20. Superb Fruit Dove
The Superb Fruit-Dove is a small colourful pigeon of the tree canopy. It is a compact bird, with short rounded wings and a short tail. The male has a purple crown, an orange hindneck, a blue-black breastband that separates a grey upper breast from white underparts. These are partly barred green, and the rest of the body is green. The green tail has grey tips. The female is green, with a grey breast and white underparts. There is a smallish purple patch on the crown.
21. Green Honeycreeper
The Green Honeycreeper (Chlorophanes spiza) is a small tanager that occurs naturally from southern Mexico south to Brazil – where they are known as Saí-verde. The Green Honeycreeper averages 13-14 cm (5-5.5 in) in length and weighs between 14 to 23 grams. It has a long, sharply pointed, black and yellow, decurved beak.
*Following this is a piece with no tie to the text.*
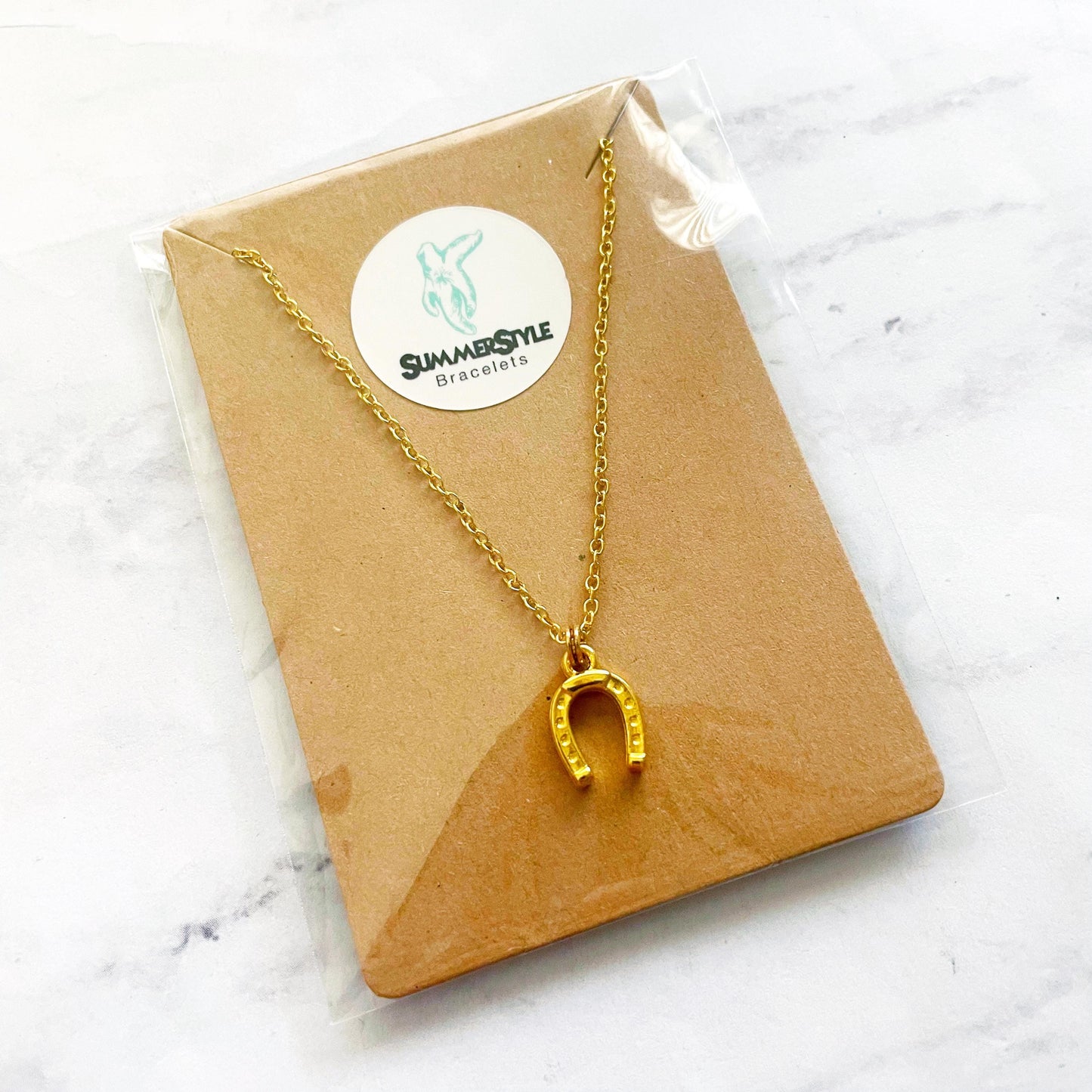 Golden Horseshoe Charm Necklace, Western Jewelry, Cowgirl Necklace, SummerStyle Bracelets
Males and females are easily identified. The male is mostly a glossy blue-tinged green, with some of the wing feathers, edgings on wings and tail being somewhat darker. He has a black head and a mostly bright yellow bill. His legs are greyish and his eyes are brick-red – redder than those of the female.
22. Green Broadbill
This type of little green bird of Sumatra and Borneo has a stubby tail and a crest at the front of its face that hides its tiny beak. Its plumage is rich, mossy emerald green, and it has contrasting black bands on its wings and a black patch over its ear. Its eyes are shiny black, round and beady.
The Broadbill resembles a nightjar, for its small beak reveals an enormous mouth when it opens. Its green color allows it to nearly disappear into the evergreen forests where it lives. It eats figs and helps distribute the seeds. It will also take insects now and then. Unfortunately, the conservation status of the green broadbill is near threatened due to habitat loss.